Personal information
- Full name: Mohammed Yasser Fawzi Nour
- Date of birth: 5 May 2001 (age 25)
- Place of birth: Egypt
- Height: 1.93 m (6 ft 4 in)
- Position: Striker

Team information
- Current team: Sigma Olomouc
- Number: 35

Youth career
- 0000: Al Ahly

Senior career*
- Years: Team / Apps / (Gls)
- 2022–2025: Al Ahly / 0 / (0)
- 2022–2025: → Teplice (loan) / 56 / (10)
- 2022–2024: → Teplice B (loan) / 17 / (3)
- 2025–: Sigma Olomouc / 9 / (1)

= Mohamed Yasser =

Egyptian footballer (born 2001)

Mohammed Yasser Fawzi Nour (محمد ياسر; born 5 May 2001) is an Egyptian professional footballer who plays as a striker for Czech First League club Sigma Olomouc.

==Career==
===Al Ahly===
Yasser started his professional career in January 2022 with Al Ahly, when he made his debut in the Egyptian League Cup against Al Mokawloon.

Later in February, Yasser was sent on a two and a half season long loan to Czech side Teplice, alongside teammate Mohamed El Maghrabi.

===Teplice===
He came on loan to FK Teplice in the Czech First League in 2022, after the clubs established cooperation. His loan was gradually extended to 2023 and then to 2024. He started in the B team of Teplice.
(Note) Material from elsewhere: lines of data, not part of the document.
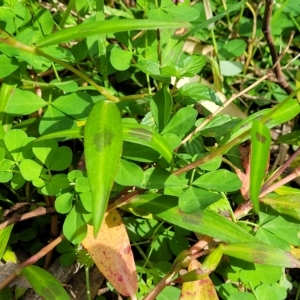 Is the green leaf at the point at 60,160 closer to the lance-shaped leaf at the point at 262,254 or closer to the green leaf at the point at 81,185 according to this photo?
the green leaf at the point at 81,185

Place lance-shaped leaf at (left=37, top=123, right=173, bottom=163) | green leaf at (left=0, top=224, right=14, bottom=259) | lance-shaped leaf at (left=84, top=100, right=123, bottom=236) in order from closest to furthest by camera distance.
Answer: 1. lance-shaped leaf at (left=84, top=100, right=123, bottom=236)
2. lance-shaped leaf at (left=37, top=123, right=173, bottom=163)
3. green leaf at (left=0, top=224, right=14, bottom=259)

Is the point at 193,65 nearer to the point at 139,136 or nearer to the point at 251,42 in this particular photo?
the point at 139,136

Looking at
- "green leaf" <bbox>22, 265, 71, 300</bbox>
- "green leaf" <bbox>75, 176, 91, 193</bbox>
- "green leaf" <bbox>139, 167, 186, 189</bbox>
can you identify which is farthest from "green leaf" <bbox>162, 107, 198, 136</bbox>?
"green leaf" <bbox>22, 265, 71, 300</bbox>

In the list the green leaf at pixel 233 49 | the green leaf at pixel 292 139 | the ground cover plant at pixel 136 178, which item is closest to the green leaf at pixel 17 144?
the ground cover plant at pixel 136 178

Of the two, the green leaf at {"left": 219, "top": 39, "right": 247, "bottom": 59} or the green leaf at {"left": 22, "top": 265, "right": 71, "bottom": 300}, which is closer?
the green leaf at {"left": 22, "top": 265, "right": 71, "bottom": 300}

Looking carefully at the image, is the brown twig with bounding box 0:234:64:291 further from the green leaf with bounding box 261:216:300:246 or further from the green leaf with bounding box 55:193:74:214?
the green leaf with bounding box 261:216:300:246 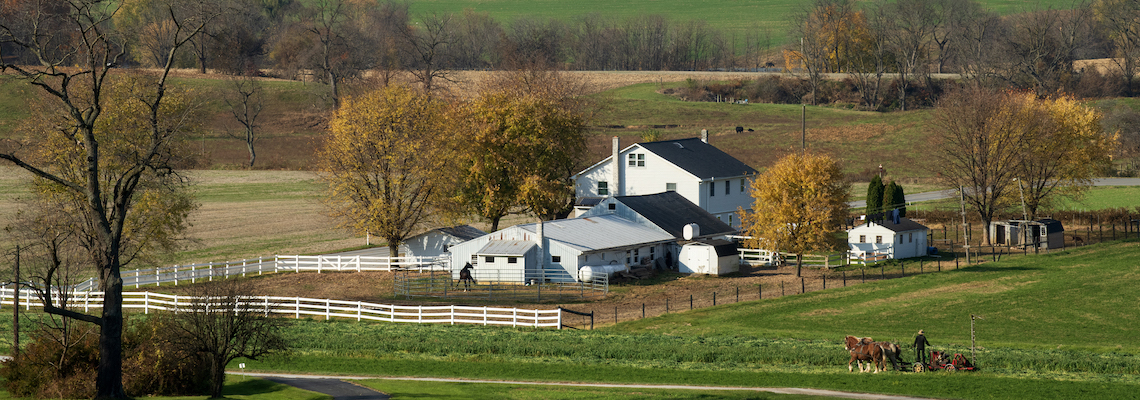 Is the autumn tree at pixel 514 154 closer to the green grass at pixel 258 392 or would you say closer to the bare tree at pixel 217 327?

He debuted for A team of Teplice in the 1–0 home win against FC Hradec Králové on 2 April 2024, when he presented himself with a red card. On 25 April 2024, he attracted the attention of the media when he stood in goal in the match with FK Mladá Boleslav after goalkeeper Tomáš Grigar was sent off in the 90th minute.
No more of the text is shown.